The binary map is injective.

Question

I was reading the following question here The binary map is bijective.:

But I did not get the idea of the proof of injectivity in details there in details.

Here is the question and the solution of injectivity given there:

The Question:

Consider the probability space $X = \{0,1\}^{\mathbb N}$ of sequences $x = (a_1, a_2, a_3, \dots)$ where each $a_i$ is either $0$ or $1.$ Take $\sigma$ to be the smallest $\sigma$-algebra that contains all cylinder sets $$C(n,A) = \{\textbf{x}| x_n \in A, A \subset \{0,1\}\}$$ that is, those sequences whose $n^{th}$ term belongs to some subset $A$ of $\{0,1\}.$ Let $\mu$ be the measure so that, given a finite collection $A_1, \dots , A_n \subset \{0,1\},$ we have $$\mu (\{\textbf{x} \,|\, x_i \in A_i, i = 1, \dots , n \}) = \Pi_{i=1}^{n}\frac{|A_i|}{2}.$$ In the first part, it was proved that $X_{\infty}$ has measure zero. Now, consider the map $\phi: X\setminus X_{\infty} \to [0,1)$ defined by $$\phi(a_1, a_2, \dots , a_n, \dots) = \sum_{i=1}^{\infty}a_i2^{-i}$$ so $\phi$ sends each sequence $(a_1, a_2,\dots)$ to the point $x$ in $[0,1)$ with that binary decimal expansion. Check that $\phi$ is a bijection. We may assume that $\phi$ is measurable with measurable inverse.

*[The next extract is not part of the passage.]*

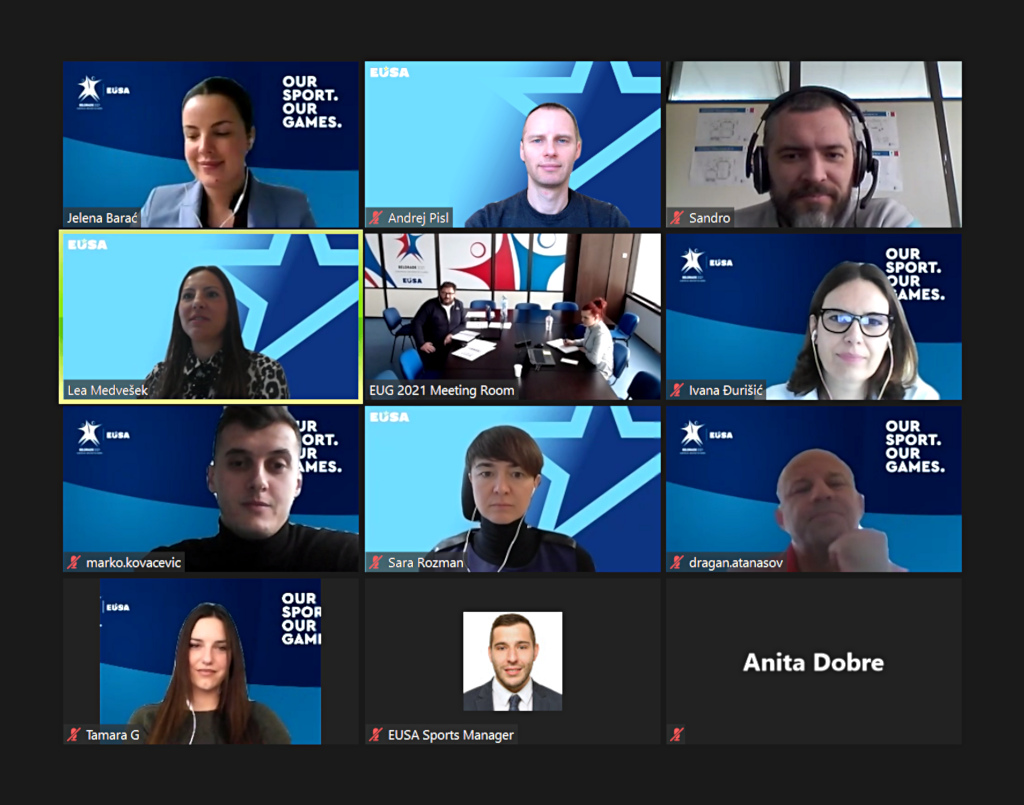 Meeting on Registration and Accreditation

My questions are(of the OP who asked the questions there):

First: To check that it is 1-1: Assume that $\phi(\textbf{x}) = \phi(\textbf{y}) $ then $$\sum_n a_n 2^{-n} = \sum_n b_n 2^{-n}$$ but then how can I conclude that $a_i = b_i$ for every $1\leq i \leq n.$

For being surjective, I think this is immediate. Right?

$X_{\infty}$ definition.

the set $X_{\infty} = \{ (a_1, a_2, a_3, \dots )\,|\,\exists N s.t. \forall n \geq N, a_n = 1 \}$

The Solution:

To show injectivity, suppose $a_i \neq b_i$ for some $i \geq 1$ and let $i$ be the least index at which they differ (so we assume that $a_j=b_j$ for all $1\leq j <i$. That means one of $a_i$ or $b_i$ is $1$ and the other is $0$. WLOG suppose that $a_i=1$ and $b_i=0$. So we have $$\phi(a) = \sum_{j=1}^{i-1} a_j2^{-j} + 2^i +\sum_{n=i+1}^\infty a_n 2^{-n}$$ and $$\phi(b) = \sum_{j=1}^{i-1} a_j2^{-j} +\sum_{n=i+1}^\infty b_n 2^{-n}.$$ From this, can you find a lower bound for $\phi(a)$ and an upper bound for $\phi(b)$? What must each of the entries $b_n$ for $n \geq {i+1}$ be in order for $\phi(b)$ to achieve this upper bound?

Now, my own questions are:

1- I think the lower bound for $\phi(a)$ will be achieved when $a_{i+1} = 0$ and in this case the sum of this geometric series part will be zero. Am I correct?

2- And the upper bound of $\phi(b)$ will be achieved when $b_{n+1}$ is $1$ and in this case the sum of the geometric series will $1/2^i$. Am I correct?

3- lastly, why we are thinking of the lower bound of $\phi(a)$and not the upper bound? And same question for $\phi(b)$,why we are searching for the upper bound of it?

4- What exactly the idea of the contradiction I will get in proving injectivity?

Answer 1

Much simpler: First, let us write quite suggestively $$ \phi(a_1, a_2, \dots ) = \sum_{i=1}^{\infty}a_i2^{-i}\color{red}{=0.a_1a_2\cdots}, $$ which is the usual form of writing the number in base $2$. For a sequence in $X_\infty$ there are two ways of writing $\sum_{i=1}^{\infty}a_i2^{-i}$: if $N$ is the smallest integer in the definition of $X_\infty$, then $a_{N-1}=0$ and so $$ \sum_{i=1}^{\infty}a_i2^{-i}=0.a_1\cdots a_{N-2}0111\cdots=0.a_1\cdots a_{N-2}1000\cdots. $$ Therefore, for $(a_1, a_2, \dots )$ and $(b_1, b_2, \dots )$ in $ X\setminus X_\infty$, if $$ \phi(a_1, a_2, \dots )=\phi(b_1, b_2, \dots ),$$ which is the same as $$ 0.a_1a_2\cdots=0.b_1b_2\cdots, $$ $a_i=b_i$ for all $i$ (since we excluded $X_\infty$). This shows that $(a_1, a_2, \dots )$ and $(b_1, b_2, \dots )$ are equal.